Wheel standards: SAE, DOT, JWL, TUV, VIA and other acronyms
The US government does not require aftermarket alloy wheels sold in the country to meet any performance standard.  It only requires wheel to have DOT (Department Of Transportation)  marking for dimensions, load capacity (not test load rating), date and country of manufacture, etc.  The applicable performance standard in the US was and is, SAE J2530 (Society of Automotive Engineers). Early versions of this SAE standard were rudimentary.  To this day, few, if any LHP wheel manufacturers use the SAE standard. In the late 80's Japanese made, performance oriented and race inspired wheels entered the US and worldwide markets in great numbers. With them came the JWL (Japan Wheel) test standard. This has now become the defacto standard that the entire tuner wheel segment uses, even for brands sold in other countries. An LHP wheel made in Vietnam, by an Italian company and sold in France will most likely have a JWL/VIA stamp and no others.
 The JWL standard was created in 1981. It has been revised and  updated a few times since then, mostly to add wider and larger diameter wheels to its test criteria charts.
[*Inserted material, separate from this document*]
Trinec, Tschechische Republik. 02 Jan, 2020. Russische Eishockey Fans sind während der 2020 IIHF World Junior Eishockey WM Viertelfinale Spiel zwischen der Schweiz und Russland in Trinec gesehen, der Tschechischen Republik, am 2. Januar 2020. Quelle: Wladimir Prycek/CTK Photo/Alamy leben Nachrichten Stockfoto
VIA is an independent council  in Japan that actually performs the lab tests of sample wheels submitted by the manufacturers.  Privately owned but VIA registered labs in other countries also perform VIA certification. This was a huge leap forward over basic pre-1981 industry standards  by adding a radial load test, cornering fatigue test (most relevant to sport cars) and impact test.  The JWL impact test actually strikes the aluminum flange, not the mounted tire. The pass/fail for passenger cars is whether the tire holds air. As such, the impact test is more an evaluation of the flange shape and basic material strength than the spoke or overall wheel capacity. Around 2012, SAE adopted a slightly modified version of the JWL standards and test methodology. The outlier in all this is TUV (Technical Inspection Association) Germany. TUV has far higher dynamic radial, dynamic cornering and impact test requirements than even JWL. Assuming the same strength to weight ratio, a TUV will usually have 15-25% greater mass (heavier) than a JWL certified wheel.
Is JWL/VIA good enough?
Generally speaking,  the accepted industry standard in the US is JWL/VIA even for wheels manufactured  outside of Japan. Some consumers will know to look for that VIA stamp next to the valve.
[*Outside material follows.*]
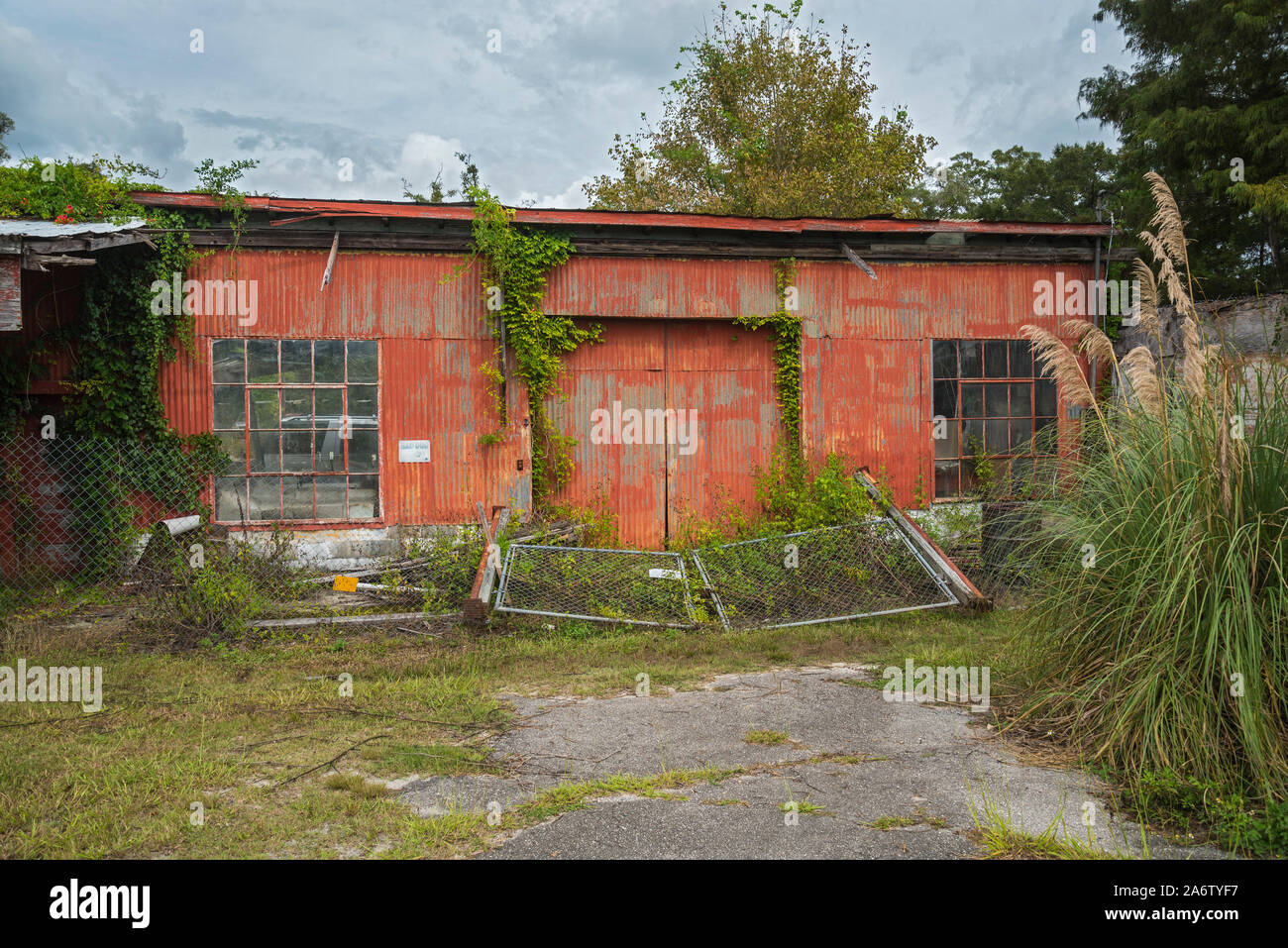 Verfallenes Gebäude in einer kleinen Stadt im Norden von Florida. Stockfoto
Even though the JWL standard is thorough for passenger car wheels on public roads, it is inadequate for competition use. To the best of our knowledge, 949 Racing was the first wheel manufacturer of any size to release a lightweight tuner wheel  with 10% greater test load on all three dynamic tests comprised of Radial Fatigue, Cornering Fatigue and Impact test.  We call this proprietary standard that surpasses industry standards HP10/10.  HP for High Performance, indicative of the intended usage profile, "10" for 10% greater Impact and Radial test loads and "10" again for Cornering Fatigue test load. We combine impact and radial load values as our experience has shown that the more critical dynamic test for race track use is cornering fatigue.  To our knowledge, four other wheel companies have adopted similar internal standards to surpass the JWL standard.  Two companies were seemingly directly inspired by our new standard, replicating it verbatim a few years after we first shipped HP10/10 wheels in 2015. Two other companies increased load cycles for their proprietary standards before 2010. It is good to see our industry showing an awareness and action in response to the higher stresses LHP wheels  are now seeing  in comparison to nearly 30 years ago when JWL standards were created.
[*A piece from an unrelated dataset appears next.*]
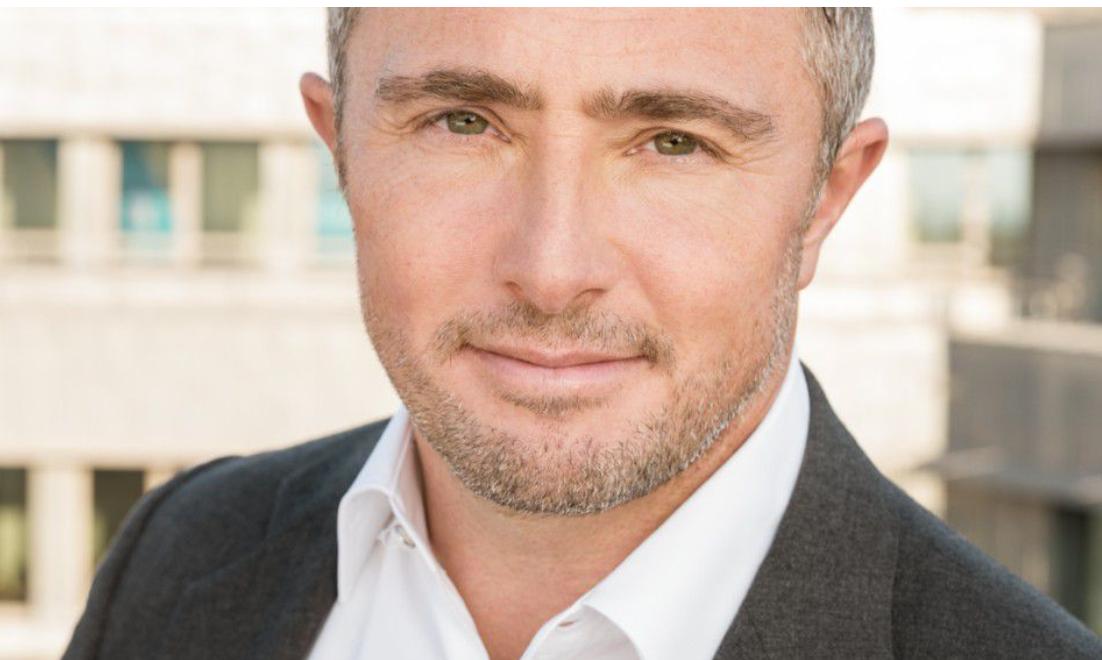 Cela va être une gouvernance à quatre. Nous allons continuer à travailler de concert avec les trois directeurs généraux délégués actuels. Lisez le portrait de <a href="/JPhRuggieri/">JPhilippe Ruggieri</a>, Directeur général de  #Nexity  dans <a href="/LesEchos/">Les Echos</a> sharee.me/t/eRo1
 It is our belief that a 10% greater test load has a greater bearing on increasing  fatigue life than 10% greater test cycles. In laypersons terms, increasing test cycles means you hit it just as hard, but hit it a few more times. Take a wheel with a FoS of 2, double the number of test cycles. Most likely it will still survive the test. Take that same wheel and double the load at the standard number of test cycles. In theory, and in practice, it will fail much sooner. What is "FoS?, read on.
 Factor of Safety
"FoS" in engineering vernacular. A degreed engineer might cringe but in laypersons terms, this is "how much stronger the part is than it needs to be". FoS is roughly equivalent to yield strength.  Example, an FoS of 2 means stresses are allowed to reach 50% of the components yield strength. It's far more complicated than that but key to understand are the inputs: The part (wheel), the load and the duty cycle.  How hard you hit it and how many times you hit it in other words.  Structures undergoing high loads but not under significant restrictions to save weight,  can have FoS of 5 to 20. Yes, that's 20x stronger than it needs to be. Most bridges you drive on have a minimum FoS of 7 but could be as high as 20. These are structures and components  intended to last virtually forever, or least decades. Aircraft parts on the other hand, are subject to the most severe weight restrictions. Thus it is common for aircraft parts to be engineered with FoS as low as 1.5. Yikes! How do planes keep from falling apart? The aircraft industry and owners keep very careful track of the number of hours on every single component in the aircraft. If the engineer estimates it will last 100 hours and has a FoS of 1.5, that bit will be swapped out long before it reaches 100 hrs duty cycle. It is near impossible to get FoS data from auto manufacturers for OEM wheels but  its assumed to be 2 to 3. How do we know that? We can extrapolate that from currently available data.
JWL vs track day (bro)
Let's start with an 18x8 +40 5x1143 pcd wheel, low pressure cast, flow formed weighing 19 lbs. Max load rating of JWL standard for this diameter/PCD of 620kg. The dynamic Cornering Fatigue test mounts a tire, inflates to max psi, tilts 30° and rolls on a drum to simulate the road. The test load of 620kg is applied vertically, in the same radial plane as the drum. 620kg is 1364 lbs. If we are simulating the average car that a 5x114.3 pcd 18x8 would be on, we can use 3800lb as a reference. The engineers reading this have already done the rough calc in their head. Yes, that's barely 1g simulated. Why so little? Because the standards were created when even the highest performance street cars struggled to turn at .85g on street legal tires. That was 30 years ago.  Some LHP wheel buyers  30 years ago might have been autocrossers but HPDE events weren't even a "thing" yet. Now your parents Camry generates .85g on its all season tires.  Your high performance prepped street car generates 1.4g on street legal tires without breaking a sweat. Mount slicks, add a little downforce with bolt on aerodynamics and a street going production car can see 1.6G sustained cornering force. Perhaps you do a half dozen track days in your 300whp sports coupe every year, averaging maybe 85mph laps.  That load and duty cycle is worlds past what JWL standards were intended to simulate. The world has changed, wheel industry standards have not kept up.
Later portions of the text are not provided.